Multi-channel subdural electrocorticogram (ECoG) data was recorded from patients undergoing neurosurgery for epilepsy. The 64-channel grid (shown in Figure 1) is implanted for 4-7 days, during which experimental recording is performed. This paper focuses on data from a single patient performing a

verb generation task. Subjects are presented auditorially with a noun to which they must verbally generate an action verb (e.g., ‘apple’ ‘eat’). ECoG is collected at a sampling rate of 2003 Hz, and each electrode is common-averaged with respect to electrode # 64. A 3-160 Hz bandpass filter was applied to remove any residual ocular movement artifacts (they are vastly reduced in ECoG), as well as a 180 Hz line noise harmonic. The 60 Hz fundamental line noise artifact was present but had very low power and thus was not removed (extended ICA was unable to cleanly separate these noise artifacts). Channels that showed evidence of epileptiform activity or were corrupted with noise were removed. The reference electrode (#64) was also removed. The remaining time-series were segmented into 98 epochs each with an interval of [0 1300] ms from the stimulus onset which were concatenated to form the input data. A necessary ICA preprocessing step is centering (mean-removing) the signal data, and each epoch was centered separately. Pre-whitening (another standard ICA preprocessing step that removes 1st and 2nd order statistics by linearly transforming the observed variables such that their covariance matrix equals the identity matrix) is a standard feature of both the runica and fastICA procedures. Furthermore, running ICA on a principal component (PC) subspace (dimensionality reduction) of the full data set can reduce noise and prevent overlearning [3]. Dimensionality reduction was always performed; PCs with low eigenvalues (subjectively determined) were discarded. The modified ICACLUS algorithm (using runica) was applied to the preprocessed data with the following parameters: k = 20, (C% * k) = 3, t = 5. Thus 20 ICs were computed (on a 20-dimensional PCA subspace), with the similarity constraint that 5 of the top 3 positive and top 3 negative dominant ICs must match.
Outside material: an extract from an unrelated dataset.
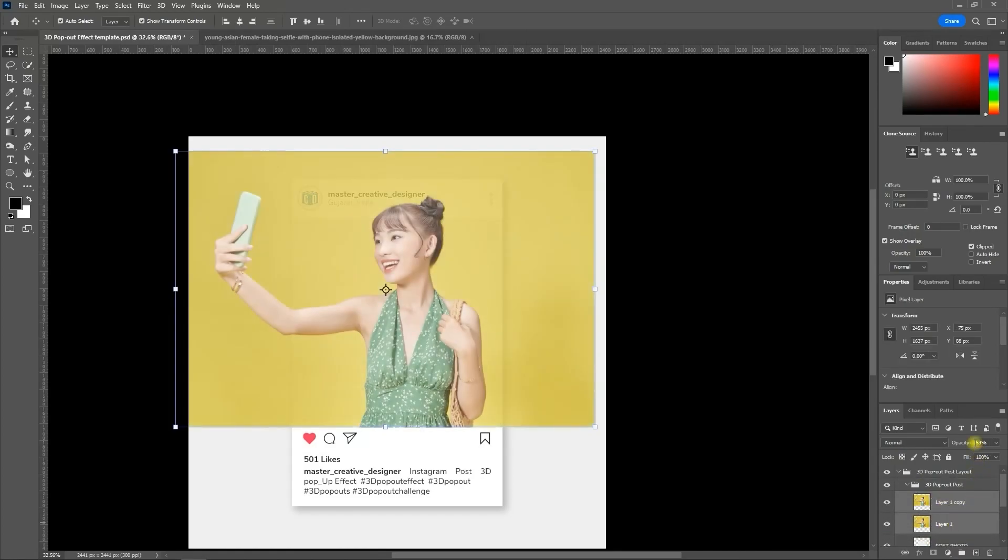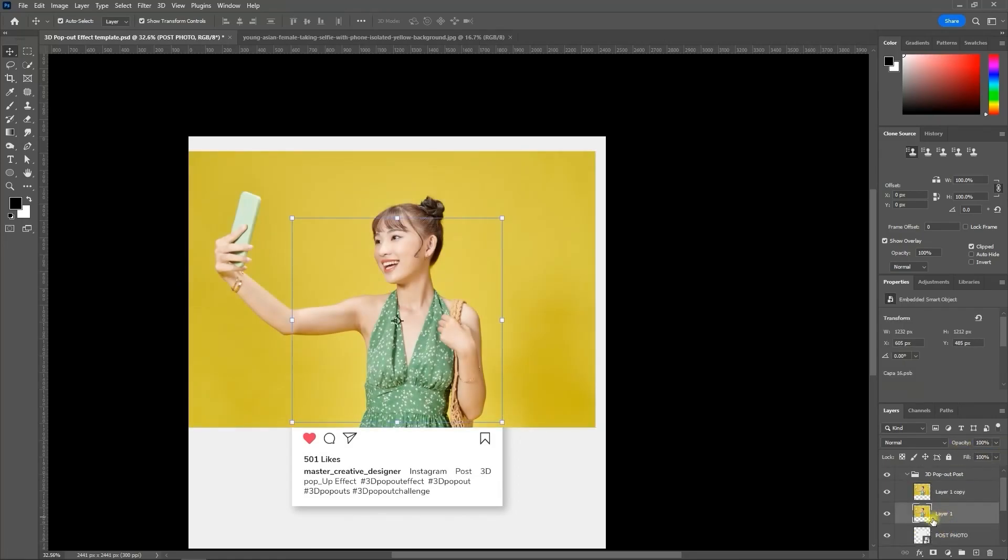Now increase the opacity and create a clipping mask by holding the Alt key and selecting the layer which you want to clip.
An adaptive ICA learning rate was employed with an initial learning rate of 0.000156, multiplied by 0.9 whenever the weight change angle was less than 60o. ICA training was set to halt when weight change < 10-6. The starting weight matrix was fixed to the identity matrix.

3.

Results

The resulting clusters showed a complex network of overlapping interaction between several classical functional structures, including the superior temporal plane (including auditory cortex and “Wernicke’s Area”), mouth motor cortex and premotor cortex, “Broca’s Area,” and portions of the middle frontal gyrus and PFC. 20 clusters were generated (a cluster is comprised of 2 or more channels) with an overlap of 18.2%. Figure 2 shows the clustering results overlaid on a scaled rendering of the prominent sulci on this patient’s cortex. Figure 3 shows previous spectral analysis of a phoneme mismatch task for this patient. Note the early high-gamma onset in channels 50, 58, 49, 57, indicating their role in initial auditory processing. A separate analysis (not shown) of a passive tone task identified channels 50, 58 as primary auditory. Furthermore, it was found that, while 50, 58 had high-gamma response to words and nonwords, while 49, 47 showed a response only to words, indicating the role of 49,47as an associative auditory structure. It is interesting to note that these two electrode groups are clustered separately by the ICA analysis. Note also the pronounced alpha desynchronization occurring in channels 39, 47; these two channels likewise form a distinct ICA cluster. The ICA clustering also shows long-range links between associative aud. (49) and lower premotor cortex (54). A group of channels (5, 13, 21) seem to comprise “Broca’s” Area (Brodmann’s Area (BA) 44) and are linked to lower mouth motor (36). The mouth motor and somatosensory regions show a complex overlapping network, perhaps indicating a significant degree of complex, distributed processing occurring within these regions. Figure 4 shows spectrograms for this patient during this verb generation task (background sulci map omitted, but the layout is identical to Figure 3). Note that many of the clustered regions also shown similar spectral activity. The strong late-onset low-frequency activity in PFC areas (16, 24, 32, 7, 15, 23, 31) seems to be reflected in the formation of several PFC clusters, perhaps indicating a shared processing mechanism (this is near PFC language area 46). Finally, Figure 5 shows previous clustering results using a hierarchical clustering algorithm (disjoint partitioning) based on high mutual information and low propagation delays between channels.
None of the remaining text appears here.